The Register reports that IBM Software's Kareem Yusuf, senior VP for product management, and Dinesh Nirmal, senior VP for products, gave employees the bad news in an internal blog published last week.
"If we want to maintain the flexibility of working both remotely and in the office, we must be better stewards of getting into the office," they wrote, adding that the decision on which days people must come in will be left to managers and individual project teams.
Anyone living more than 50 miles away from an IBM office won't be making the long commute, yet. The execs wrote that anyone who falls into this category is "exempt at this time," which suggests a time will come when they won't be. Yusuf and Nirmal added that the return-to-office orders will be implemented according to applicable local laws.
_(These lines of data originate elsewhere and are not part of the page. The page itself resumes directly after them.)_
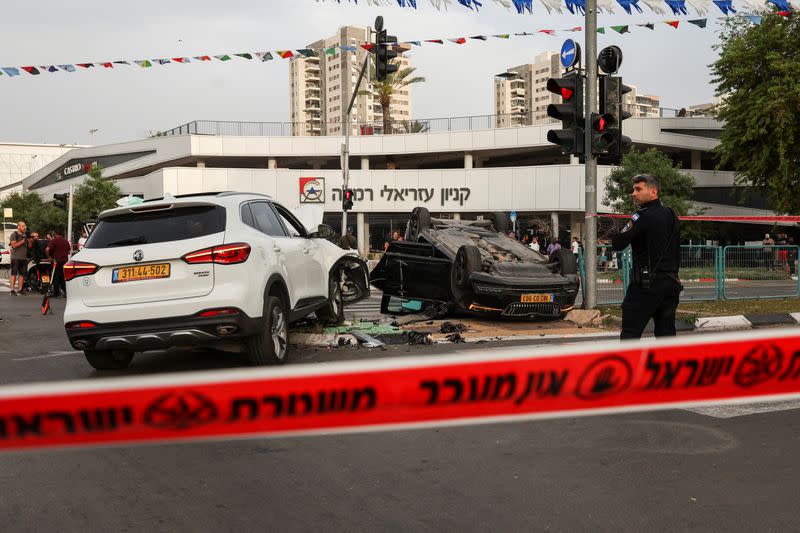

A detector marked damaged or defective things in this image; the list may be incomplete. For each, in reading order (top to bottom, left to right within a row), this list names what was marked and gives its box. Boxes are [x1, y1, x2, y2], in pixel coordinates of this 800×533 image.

damaged vehicle [61, 192, 368, 370]
overturned black car [368, 207, 580, 316]
damaged vehicle [372, 206, 580, 318]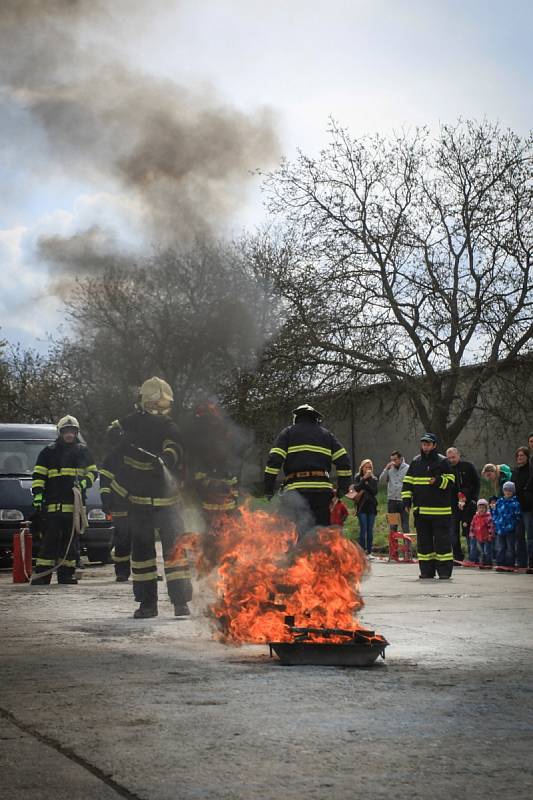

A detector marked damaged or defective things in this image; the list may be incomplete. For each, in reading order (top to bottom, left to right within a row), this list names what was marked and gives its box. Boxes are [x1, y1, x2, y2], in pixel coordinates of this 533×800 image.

crack in pavement [0, 708, 145, 800]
"It is vital to our culture and our shared goals – tripling development output, building winning products, and winning new clients – that we spend more meaningful time together, in-person," they said, echoing similar statements made by the likes of Amazon, Dell, Salesforce, Zoom, and many more.
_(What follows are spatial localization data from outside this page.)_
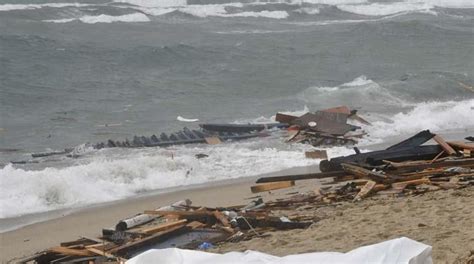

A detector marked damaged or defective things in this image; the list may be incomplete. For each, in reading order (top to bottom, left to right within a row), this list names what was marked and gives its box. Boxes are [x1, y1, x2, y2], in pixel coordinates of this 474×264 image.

broken plank [432, 135, 458, 156]
broken plank [139, 218, 187, 234]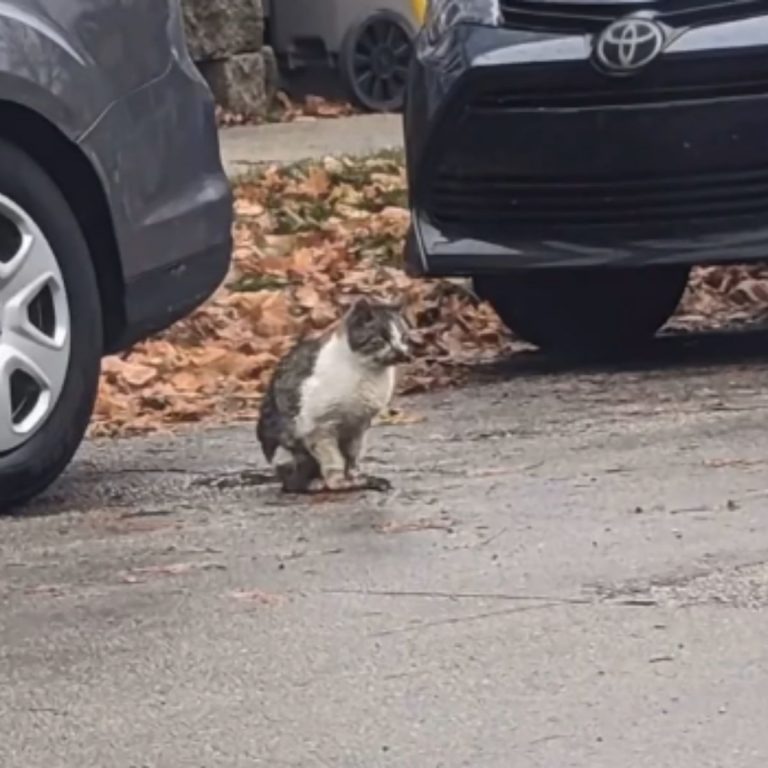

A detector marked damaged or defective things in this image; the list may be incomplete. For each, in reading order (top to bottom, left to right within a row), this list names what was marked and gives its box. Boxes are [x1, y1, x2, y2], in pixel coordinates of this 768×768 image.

cracked pavement [3, 332, 768, 764]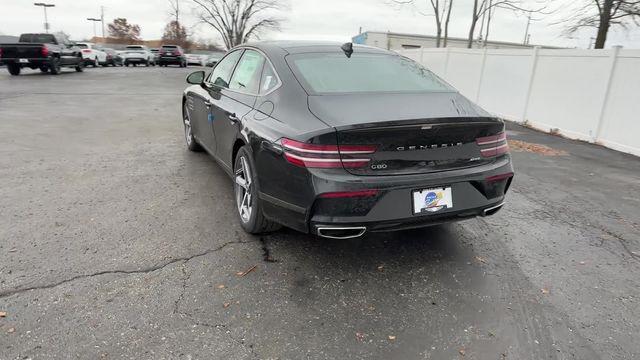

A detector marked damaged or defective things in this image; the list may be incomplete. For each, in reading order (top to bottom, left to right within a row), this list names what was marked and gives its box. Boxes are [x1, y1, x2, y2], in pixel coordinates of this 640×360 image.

crack in pavement [0, 240, 256, 300]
"Right now, 1 in 4 of you are working in the office three days a week. By October, we want to see that number closer to 3 in 4. We appreciate your attention and support," Yusuf and Nirmal wrote. To help reach this figure, IBM is appointing "Software Executive Focals," a term for on-site support employees who help make the return-to-office push a "more concerted effort across Software."
Many companies are taking a more heavy-handed approach to getting workers back in the office. Amazon CEO Andy Jassy recently told those not wanting to return that "It's probably not going to work out for you." We also heard Zoom's boss claim that people can't build trust or innovate while using video calling programs, like Zoom.
IBM Software might not be too worried about losing employees who refuse to return. The company was one of the first to announce that hiring in non-customer-facing roles, such as human resources, would be suspended or slowed as AI could automate many tasks performed by these hires. CEO Arvind Krishna said he envisioned about 30% of roles at the company being replaced by AI and automation over five years. That equates to around 7,800 jobs.
A recent survey found that 8 out of 10 executives regret their return-to-office plans and would have done things differently if they'd had better access to workplace data.